1. Welcome to NoFap! We have disabled new forum accounts from being registered for the time being. In the meantime, you can join our weekly accountability groups.
    Dismiss Notice

Theology of the Body

For Fapstronauts who are disciples of Christ

  1. EJ117

    EJ117 Fapstronaut

    9
    6
    3
    theology-of-the-body-part-2-18-638.jpg

    John Paul II gave a series of talks in the 1980's on marriage, sexuality and the relationship between man, woman and God. JPII attempts to convey to all faithful readers (not just Catholics) that "the body, in fact, and only the body, is capable of making visible what is invisible: the spiritual and the divine. It has been created to transfer into the visible reality of the world, the mystery hidden from eternity in God, and thus to be a sign of it." So here we are, our bodies being products of God's own creative work, with its physical needs like all other creation, but spiritual needs given our own unique spiritual placement in the world given God's work within us. What then do we do with this? God, in an abundance of grace, recognizes these tensions, yet gives us the blessing of marriage to live this out in intimacy, trust and love. Its a great source of dialogue with God and others as any one attempts to (re)discover God's heart for marriage and relationships. Its a powerful reflection on marriage, living in covenant with your spouse and living as a single as well.

    I also think this reflection brings considerable insight to anyone attempting to break an addiction to porn and fapping. Whenever I find myself losing my way, I come back to this reflection to gain insight into God's heart and where mine should be. I have mainly stuck to the simplified version, as his original talks are pretty complex: https://www.amazon.com/Theology-Simple-Language-Philokalia-Books/dp/1442141042. There's 86 chapters, but they are all 1-2 pages each.
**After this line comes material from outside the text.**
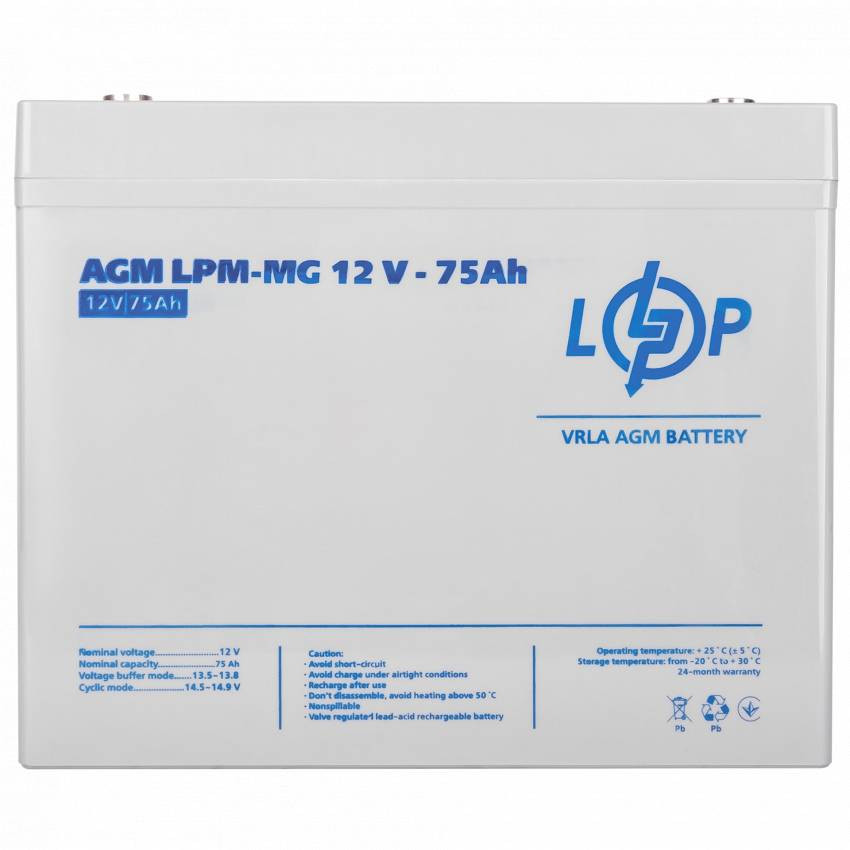 Акумулятор мультигелевий LPM-MG 12V - 75 Ah-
My hope is to just post a brief review of each chapter per day, but offer a reflection specifically related to porn recovery.

    The goal of this forum is to rediscover God's heart for marriage and human dignity in sexuality with a specific focus on porn addiction and recovery. I hope all feel welcome participating in this dialogue.
     
    Last edited: Apr 10, 2018
    Thomas8 likes this.
  2. EJ117

    EJ117 Fapstronaut

    9
    6
    3
    01. The Beginning

    In Mark 19: 3-8, Jesus is questioned by the Pharisees about divorce. There, they ask him, “Is it lawful for a man to divorce his wife for any and every reason?” Jesus puts it right back on them by reminding them that in the beginning, God never intended for man and woman to be separated upon their union. He responds, “Haven’t you read, that at the beginning, the Creator ‘made them male and female,’ and said, ‘For this reason a man will leave his father and mother and be united to his wife, and the two will become one flesh’? So they are no longer two but one. Therefore what God has joined together, let man not separate.”

    This attempt by the Pharisees to trick Jesus into a legalistic debate, brings Jesus’ views on marriage to light. And with that, we see he takes it right back to the beginning by joining Gen 1:27 and Gen 2:24. For Jesus, if we ever want to learn about the Father’s will for marriage, we merely have to look back to the beginning: God created man/woman in his own image. And upon that union between a man and a woman, they will leave their father and mother (their family bonds that previously made up their family identity) and the two will be joined together. They will no longer be two separate individuals coming from two separate families. They will be one. This union between the two of them is a God-ordained event, not merely a social pact between families. God has created it. Therefore, the Lord interprets this passage with simple, yet profound words, “what God has joined together, let man not separate.”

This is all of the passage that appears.